Last Sunday we attended a fast-growing church in Birmingham called The Church at Brook Hills. Located at the southeastern edge of the city, the church attracts 5,000 people each Sunday in three identical services. They come in large part because of the earnest preaching of the senior pastor, Dr. David Platt. Although he is only 30 years old, he has already gained national fame as one of the rising young pastors in America. Each week he preaches 45-55 minutes of straightforward Bible exposition. Sometimes he speaks for an hour. When Brook Hills sponsors an occasional gathering called Secret Church, he preaches for four hours in four separate sessions. And 2500 people (most of them 30 and under) pack the sanctuary to hear him.

Obviously David Platt sets the vision and the tone. That’s a given. But beyond that, I was struck by the simplicity of the whole church. If you read their website, it’s clear that they ask their people to commit to three things:

Weekly worship
Attendance in a small group
Participation in “global outreach”

That’s it. Worship . . . small groups . . . global outreach.

For the last one, they challenge each member to devote 2% of their year (roughly a week) to serving on a missions team that ministers outside of the church itself. And “missions” for them includes ministering to the homeless, the sick, the poor, the malnourished, and reaching out to orphans and widows. At the end of the service the pastor asked everyone who had taken training to become foster parents to come forward for prayer. It was deeply moving to watch several hundred people being prayed for. “We want to care for every child in Shelby County that needs a home,” he said.
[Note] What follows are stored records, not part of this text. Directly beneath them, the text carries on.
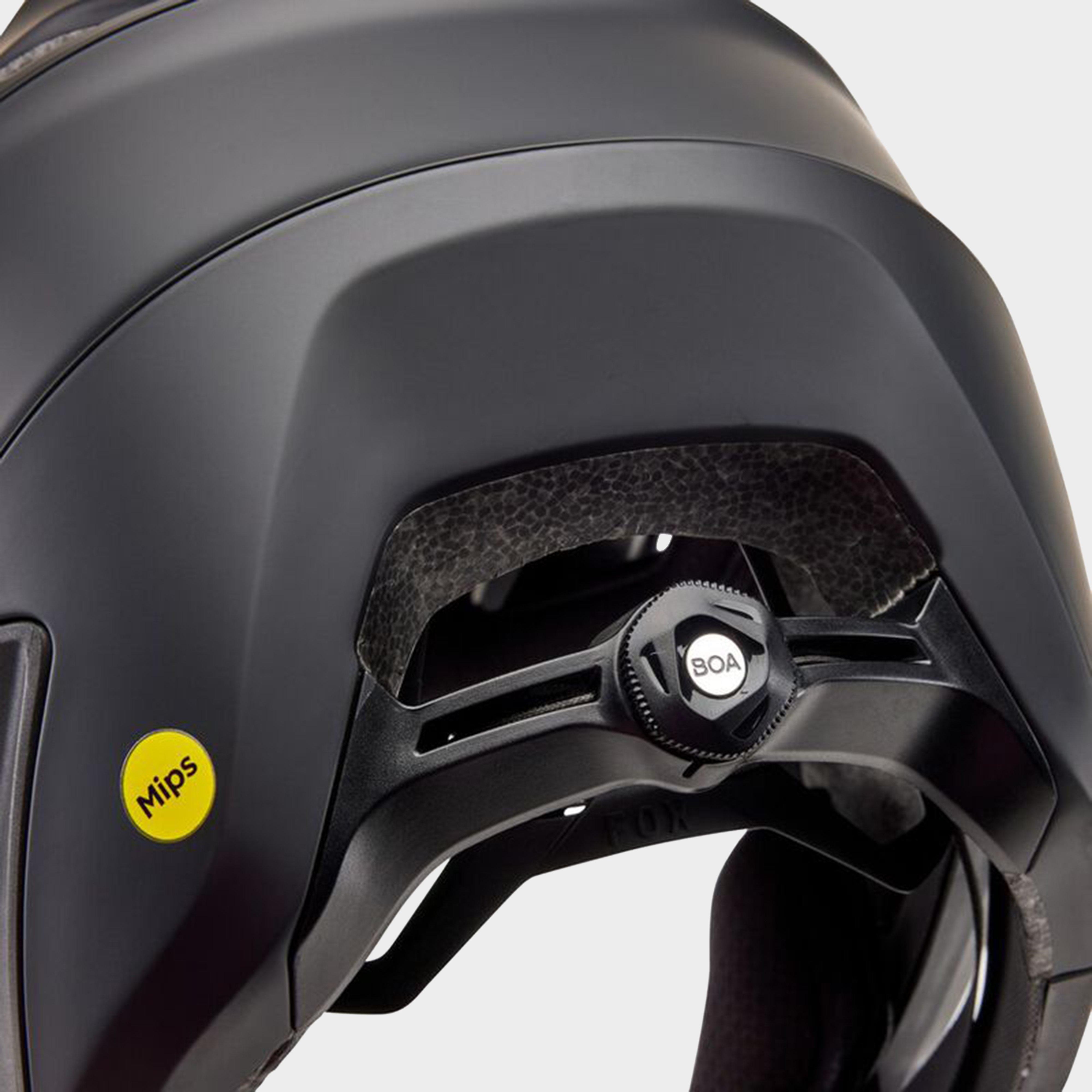 Dropframe Pro Run Helmet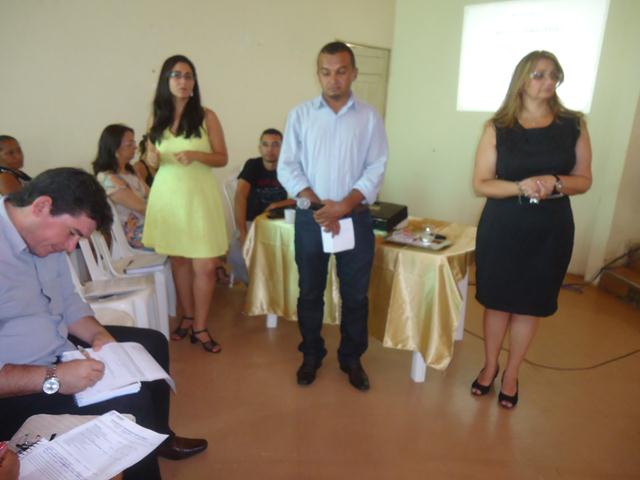 Instituto Nacional de Renovação Integrado Realizou Palestra Sobre Deficiência de Aprendizado - Imagem 42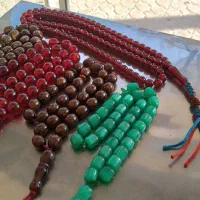 تسبیح|کلکسیون اشیاء عتیقه|بن, |دیوار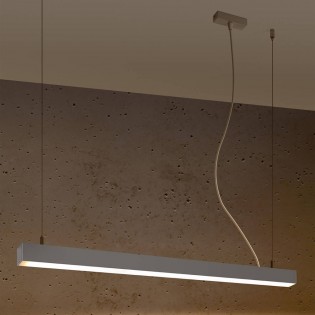 Deckenleuchte Led Pinne (25W) II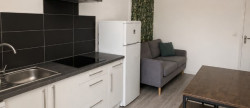 vente Appartement Etrembieres
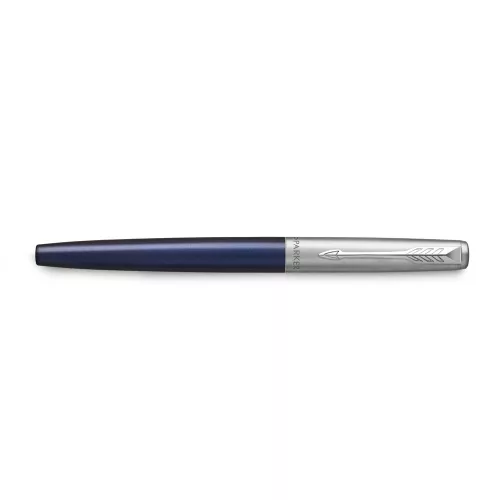 Töltőtoll Royal kék test, ezüst klipsz 2030950 Parker Royal Jotter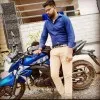 Bipin Parida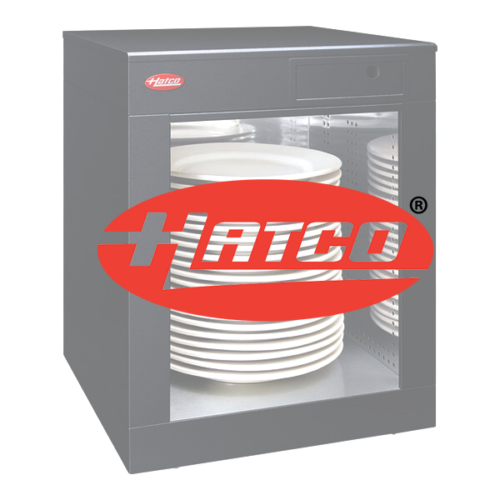 Plate Warmer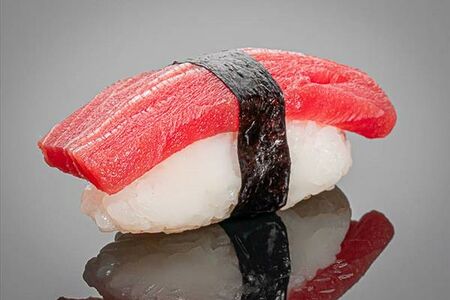 Нигири тунец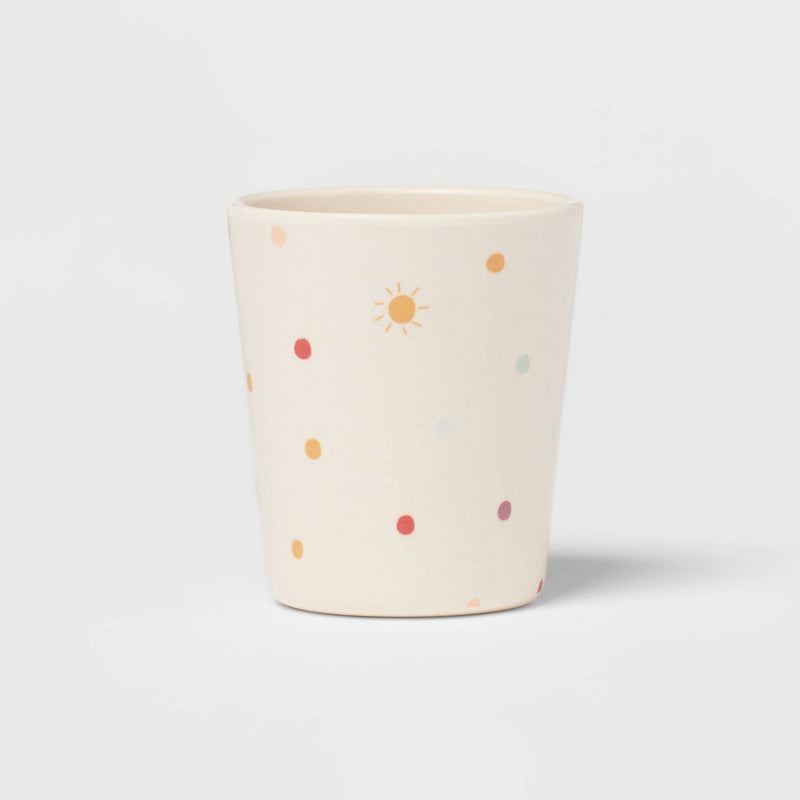 Kids' Pals Bamboo Melamine 7.74oz Tumbler - Pillowfort
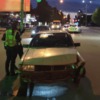 Водій Audi, який вчинив ДТП, був з ознаками алкогольного сп’яніння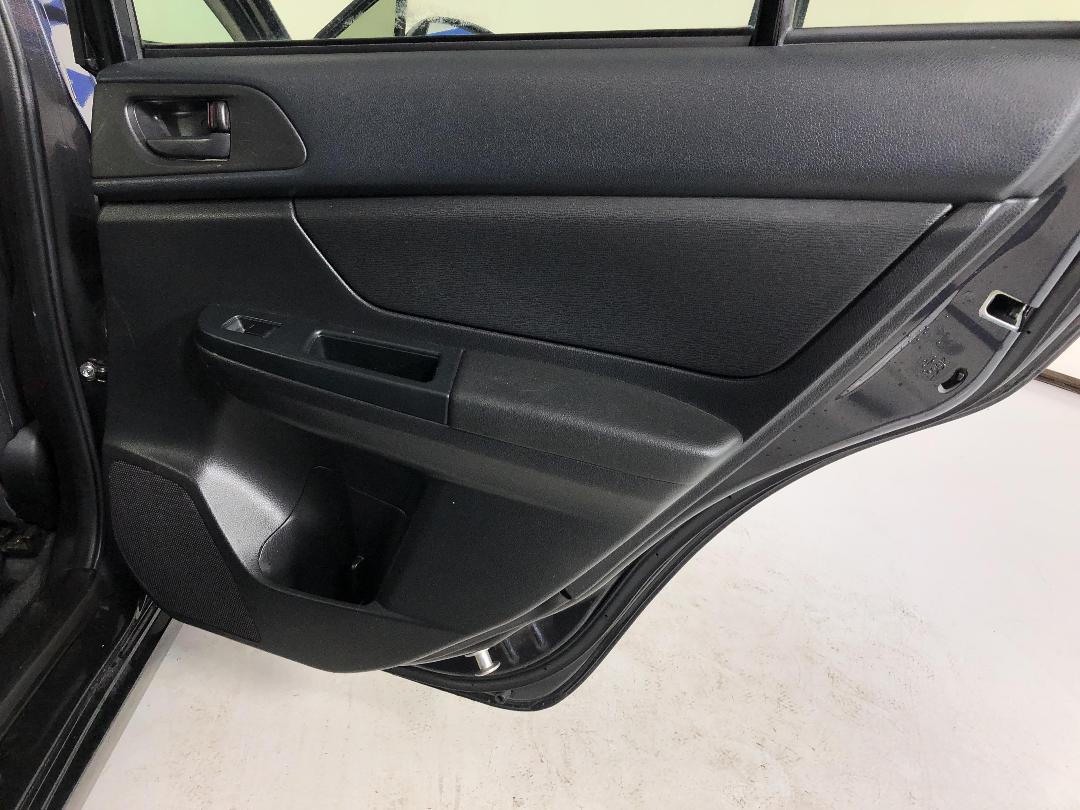 Photo '19' of Subaru Impreza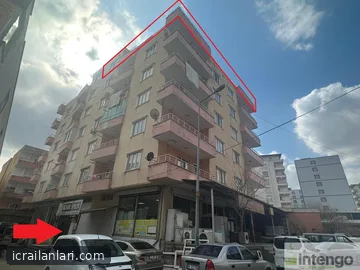 Konut - BATMAN KOZLUK - 125 m²
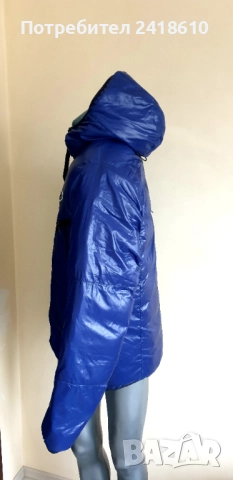 Nike Windrunner Mens Jacket Size L /XL  НОВО! ОРИГИНАЛ! Мъжко Зимно  Яке!, снимка 9 - Якета - 52773437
The church is Southern Baptist, but it doesn’t look or feel like a traditional SBC church. There is no regular choir, no adult Sunday School classes, and many of the usual programs are missing. You don’t join the church by walking an aisle. And David Platt preaches long sermons with strong Bible doctrine. 

It’s not the typical SBC approach but clearly they are doing something right. For 2010 the pastor challenged the church to make a Radical Experiment in which they heavily reduced discretionary spending so they could spend more in targeted outreach in Birmingham and overseas (especially in India). Their bottom-line number is essentially the same for both years ($8.4 million), but by cutting expenses they were able to free up $1.5 million that they had been spending on programs inside the church.

All across the Southern Baptist Convention younger pastors are trying to find new ways to do church. That’s critically important because the SBC is trying to plant new churches in urban areas like Pittsburgh and Cleveland and New York City that have no history of the traditional Southern Baptist approach. The younger leaders know that the typical way of doing things won’t work in every setting. I think we encountered one of those “new ways” last Sunday, and we enjoyed it immensely. Brook Hills offers an exciting glimpse into the church of the future.